Under What Circumstances Can Unreasonable Contest Attorney’s Fees Be Awarded to the Employer?

The Commonwealth Court of Pennsylvania recently decided a fascinating case, involving what was described as a “frivolous” appeal filed by the claimant. The most stunning element of the decision was the fact that even though attorney’s fees were not specifically requested by the employer, the court unilaterally ordered the claimant to reimburse attorney’s fees to the employer. While this was an extreme measure by the court, there are several important practical tips for employers and their representatives to be aware of.

By way of background, according to Section 440 of the Pennsylvania Workers’ Compensation Act, it is the employer’s burden of proof to establish that it had a reasonable basis to contest a claimant’s petition or file its own petition, to avoid having to pay for a claimant’s attorney’s fees. Nowhere in the Act does it provide for attorney’s fees to be awarded to the employer and against the claimant.

It took a set of extreme circumstances for the Commonwealth to make such an award in Smith v. WCAB (Consolidated Freightways, Inc.), No. 606 CD 2014, filed March 9, 2015. The procedural history of the case began in 1996 when the claimant filed a claim petition alleging an injury due to exposure to chemicals while driving a truck. The Workers’ Compensation judge denied the petition, the WCAB affirmed the judge’s decision, and no further appeals were taken by either party.

The claimant then filed a series of six review petitions thereafter, which can be summarized as the claimant’s attempt to re-litigate the same issue as was previously decided by the WCAB. All of these petitions were denied through litigation because they were barred by res judicata/collateral estoppel. These principles hold generally that once a final decision has been reached on a particular issue, neither party can attempt to re-litigate that same issue, which is what the claimant attempted.

The 2015 Commonwealth Court decision was the fifth time that this court was called upon to decide the claimant’s appeals. Furthermore, the claimant had previously filed in the Pennsylvania Supreme Court and the United States Supreme Court, both of which declined to accept jurisdiction. In the decision, the court characterized the claimant’s appeals as “frivolous” and the conduct of the claimant’s counsel “obdurate and vexatious.” The court also noted that without awarding attorney’s fees to the employer in this case, “there is no way for our courts to curb the sort of flagrant abuse of the system engaged in here.”

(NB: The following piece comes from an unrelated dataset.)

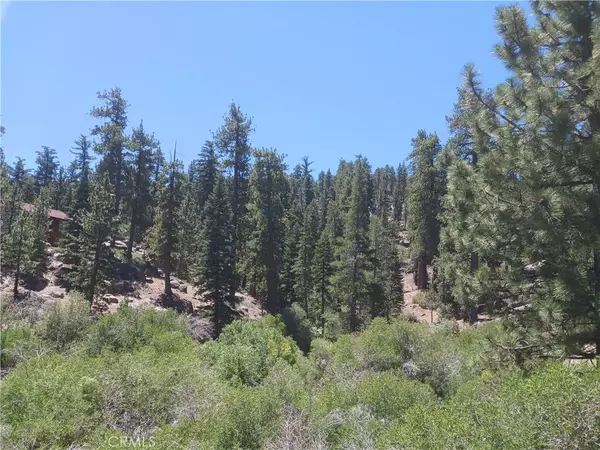 Big Bear Lake, CA 92315,0 Big Bear BLVD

In rendering this award, the court looked to two previous workers’ compensation cases, but did not cite to the Act itself. Rather, the court cited to a 1987 workers’ compensation case that resulted from the filing of three separate claim petitions and the same number of appeals. Patel v. WCAB (Saquoit Fibers Company), 520 A.2d 525 (Pa.Cmwlth. 1987). The court also cited to Pennsylvania Rule of Appellate Procedure 2744, which provides that in addition to fees and costs specifically authorized by statute, the court is permitted to award fees, costs and interest “if it determines that an appeal is frivolous or taken solely for delay or that the conduct of the participant against whom costs are to be imposed is dilatory, obdurate or vexatious.” The court clearly found all three elements present in this appeal. In the Patel case, only litigation costs, not attorney’s fees, were awarded to the employer, although the court mentioned that attorney’s fees may have been appropriate if a request had been made.

What It Means to You

There are a number of practical points to take from this extreme example:

  1. There is now precedent for an award of attorney’s fees to an employer where a claimant’s conduct in filing an appeal is considered “frivolous.”
  2. Therefore, employers should at least consider making the request for attorney’s fees in such instances. The Smith case makes clear that it will expect formal requests before considering an extreme measure in the future. The court did note in this case that the award was appropriate even without a formal request, because the employer would not have reasonably known that it had to do so, given the contents of the Act and prior case law.
  3. Employers and their counsel should consider documenting their attorney’s fees through an evidentiary exhibit when a potentially frivolous appeal is filed.
  4. The court awarded only the attorney’s fees for the appeal itself, not the earlier underlying litigation, suggesting that making this argument on a petition before the judge will not be successful.